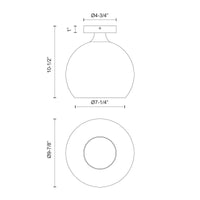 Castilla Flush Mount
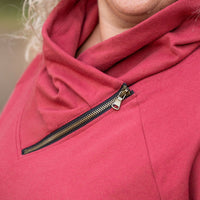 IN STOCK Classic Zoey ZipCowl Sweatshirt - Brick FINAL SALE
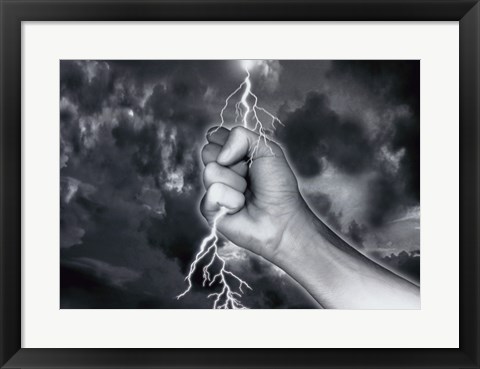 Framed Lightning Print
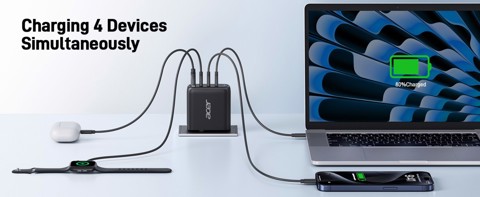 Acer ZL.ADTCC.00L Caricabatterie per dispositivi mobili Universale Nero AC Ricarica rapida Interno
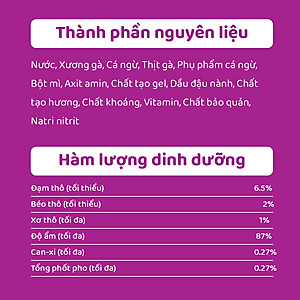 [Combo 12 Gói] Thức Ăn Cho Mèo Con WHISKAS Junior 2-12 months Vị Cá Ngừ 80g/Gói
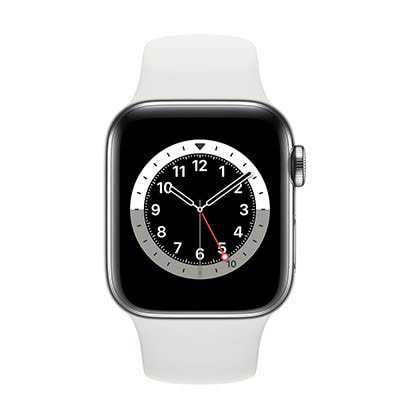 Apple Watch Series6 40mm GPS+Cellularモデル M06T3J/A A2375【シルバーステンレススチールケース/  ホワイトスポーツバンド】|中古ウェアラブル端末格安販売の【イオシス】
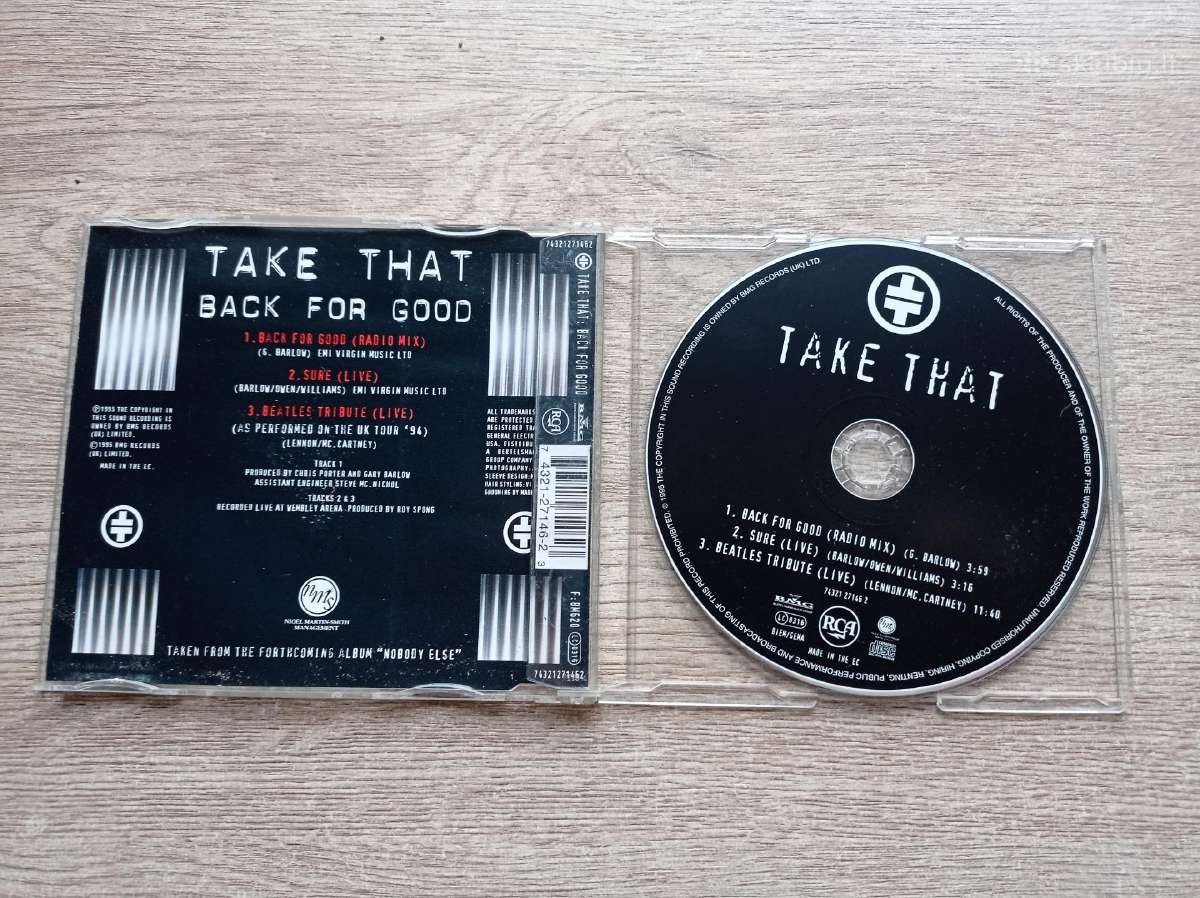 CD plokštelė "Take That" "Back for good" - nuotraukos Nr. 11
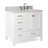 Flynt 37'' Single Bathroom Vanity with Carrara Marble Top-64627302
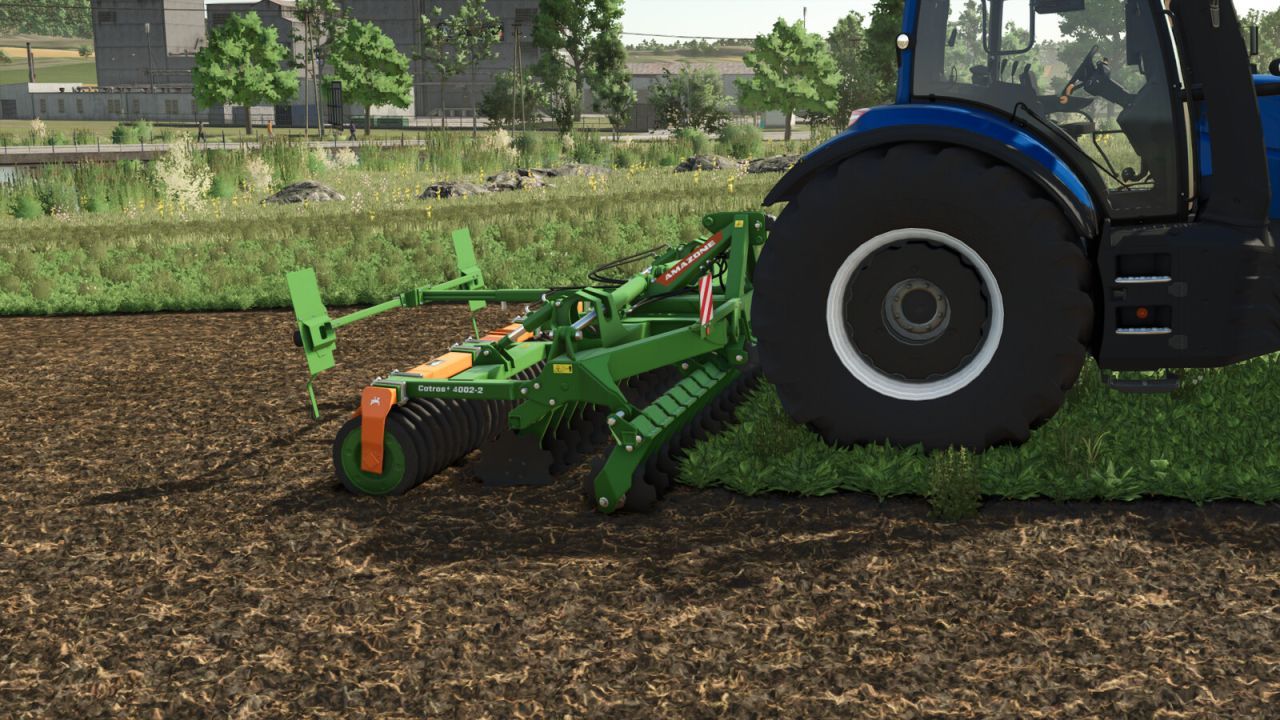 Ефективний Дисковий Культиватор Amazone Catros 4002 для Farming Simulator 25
—————
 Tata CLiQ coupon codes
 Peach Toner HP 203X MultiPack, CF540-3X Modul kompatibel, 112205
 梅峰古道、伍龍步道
—————
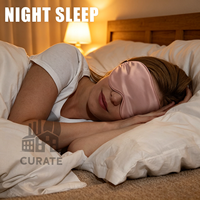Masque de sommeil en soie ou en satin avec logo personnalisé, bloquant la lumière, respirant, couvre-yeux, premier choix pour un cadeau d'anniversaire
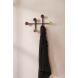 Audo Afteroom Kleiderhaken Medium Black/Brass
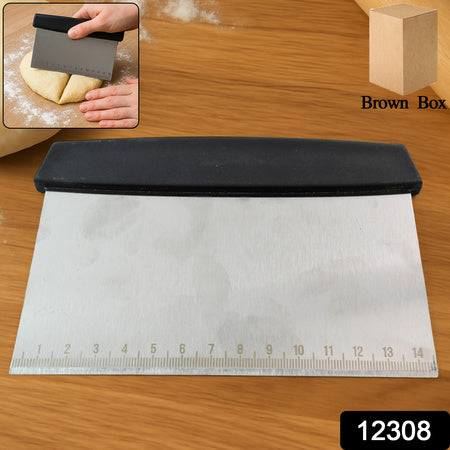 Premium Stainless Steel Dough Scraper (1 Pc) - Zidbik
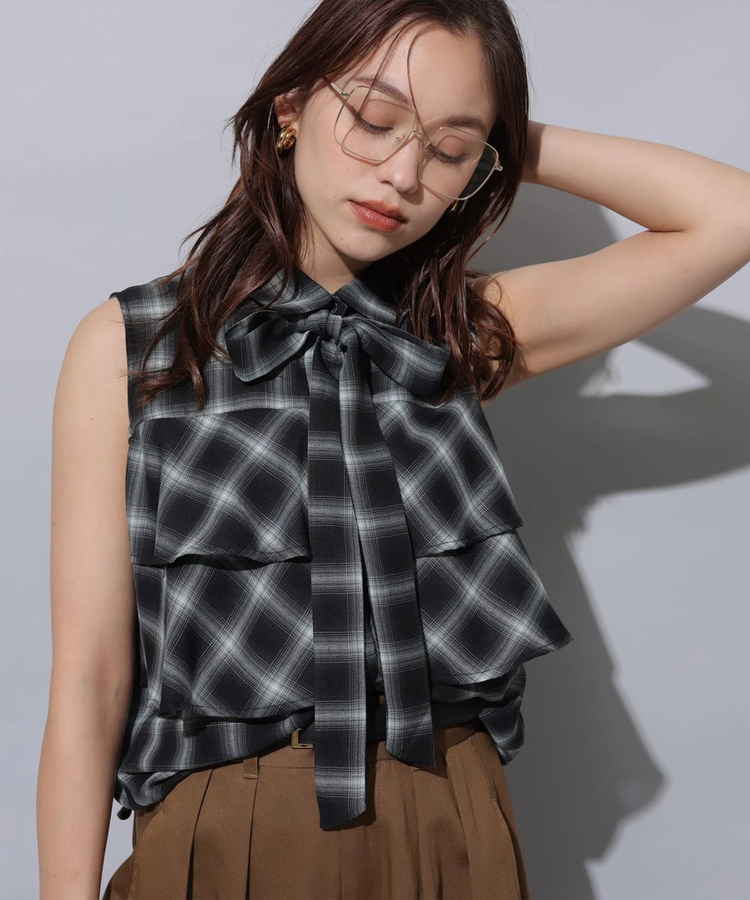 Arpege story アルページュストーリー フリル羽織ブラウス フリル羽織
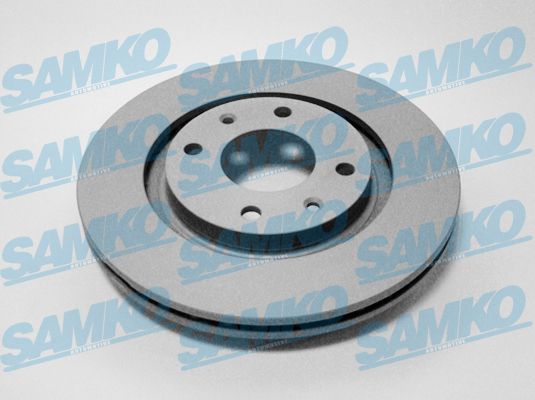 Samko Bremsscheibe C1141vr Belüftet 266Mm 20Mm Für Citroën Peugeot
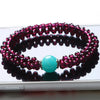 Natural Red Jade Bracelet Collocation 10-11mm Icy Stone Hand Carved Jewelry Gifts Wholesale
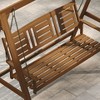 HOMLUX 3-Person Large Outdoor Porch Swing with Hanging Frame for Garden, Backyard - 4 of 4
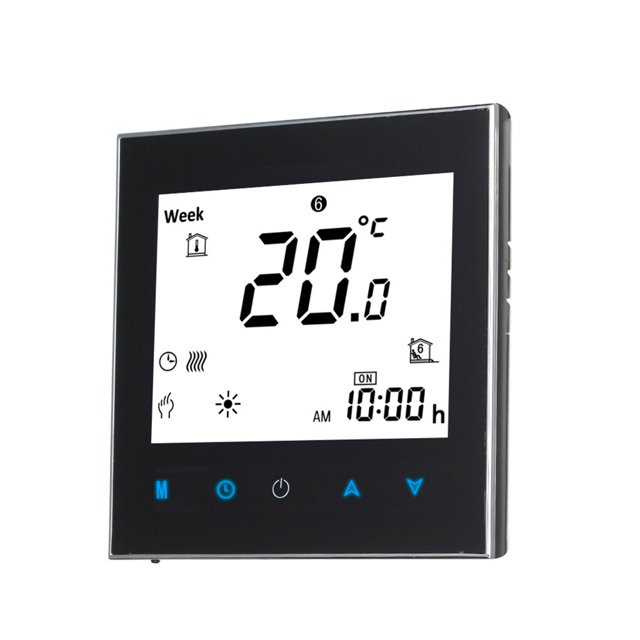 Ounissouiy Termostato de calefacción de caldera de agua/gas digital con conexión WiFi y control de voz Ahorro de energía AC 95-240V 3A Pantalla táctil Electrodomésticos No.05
—————
▶ _WORK ITEM_:
Using the records above, print exactly the run of lines that starts with the line with "Natural Red Jade" and goes on through the line with "Ounissouiy Termostato de", pictures excluded.

▶ _ANSWER BOX_:
 Natural Red Jade Bracelet Collocation 10-11mm Icy Stone Hand Carved Jewelry Gifts Wholesale
 HOMLUX 3-Person Large Outdoor Porch Swing with Hanging Frame for Garden, Backyard - 4 of 4
 Ounissouiy Termostato de calefacción de caldera de agua/gas digital con conexión WiFi y control de voz Ahorro de energía AC 95-240V 3A Pantalla táctil Electrodomésticos No.05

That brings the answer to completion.